Наташа покорилась. И с двойным интересом принялась ждать Романа Ивановича. Михаил только сказал, что сегодняшнее свидание должно кое-что решить и что скоро Сменцев уезжает.
Он пришел поздно, часов в десять. Юса не было, были только Наташа и Михаил.
Наташу еще не видал Роман Иванович, и она сразу ему не понравилась. Красивая, но холод и настороженность в ней. Вид переодетой принцессы, а в сущности — слабенькая девица из «конченных». Пусть ее Флорентий вволю «оттирает»; долго она будет ломаться, кокетничать этой своей «конченностью» (уж было, по рассказам Флорентия), потом влюбится и благополучно опять «начнется».

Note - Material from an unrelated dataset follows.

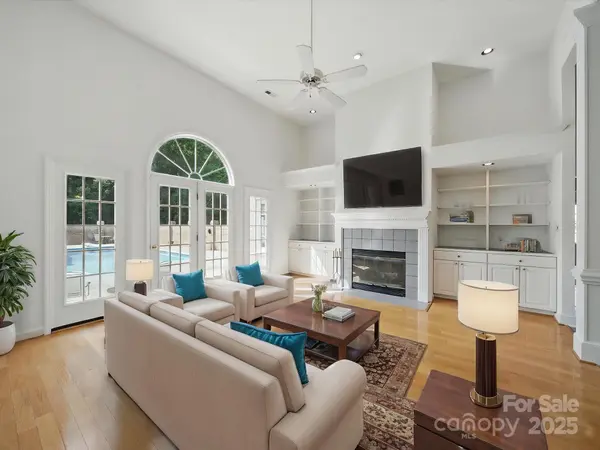 1340 Canter LN, York, SC 29745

Сменцеву даже не захотелось побеждать в ней эту недоверчивую настороженность; понял, впрочем, что на Михаила сестра имеет какое-то влияние, и решил с ней отнюдь не ссориться.

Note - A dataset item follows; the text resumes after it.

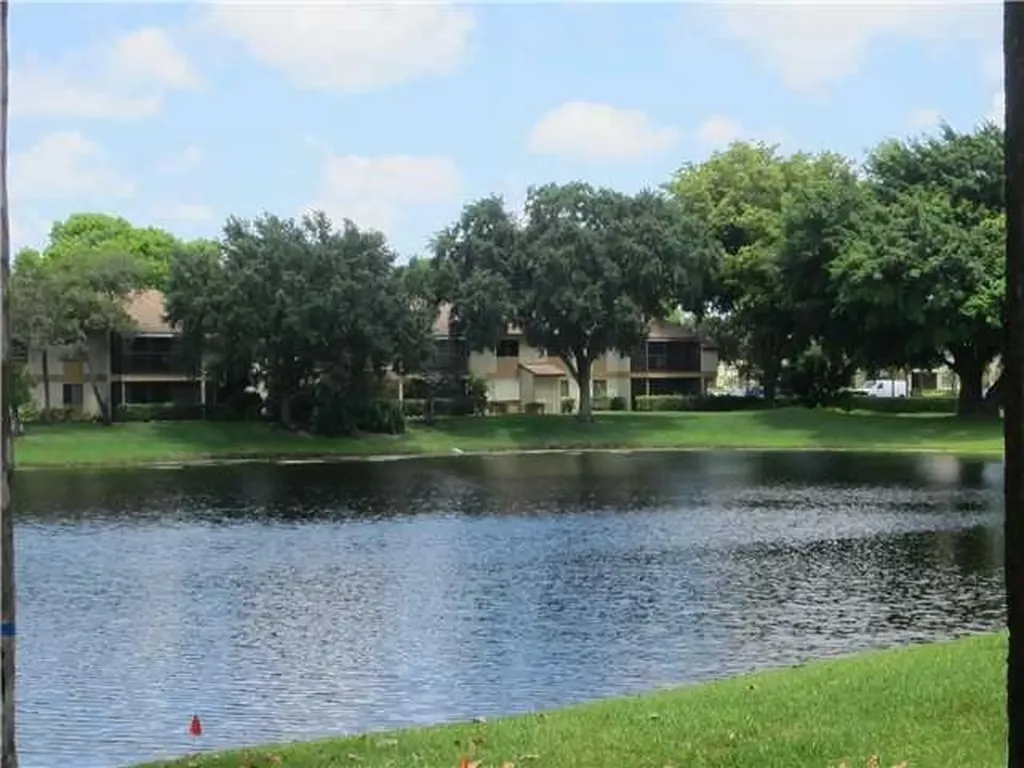 115 Gardens Drive Pompano Beach FL 33069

— Мне Флоризель так много о вас рассказывал, — проговорил он, крепко пожимая руку девушки и глядя ей прямо в лицо улыбающимися глазами.
Наташа чуть-чуть покраснела.
«Ну, да, уж наполовину влюблена. Тянет принцесс к поэтам», — подумал Роман Иванович и прибавил громко:
— Столько вам Флоризель просил передать… Но это еще успеется, потом.
Они сидели в маленькой, голой столовой; висячая керосиновая лампа зажигала красные искры в густом хохле Романа Ивановича, сильно отросшем с лета. Наташа глядела на изогнутые, точно вырисованные брови, на плотные, короткие усы, похожие на кусочки черной ваты, и не могла решить: красив этот человек или безобразен, нравится ли ей или отвратителен.
Слушала внимательно разговор с братом, старалась угадать то, что было уже сказано без нее; будто читала со второй главы повесть, общее содержание которой, однако, известно.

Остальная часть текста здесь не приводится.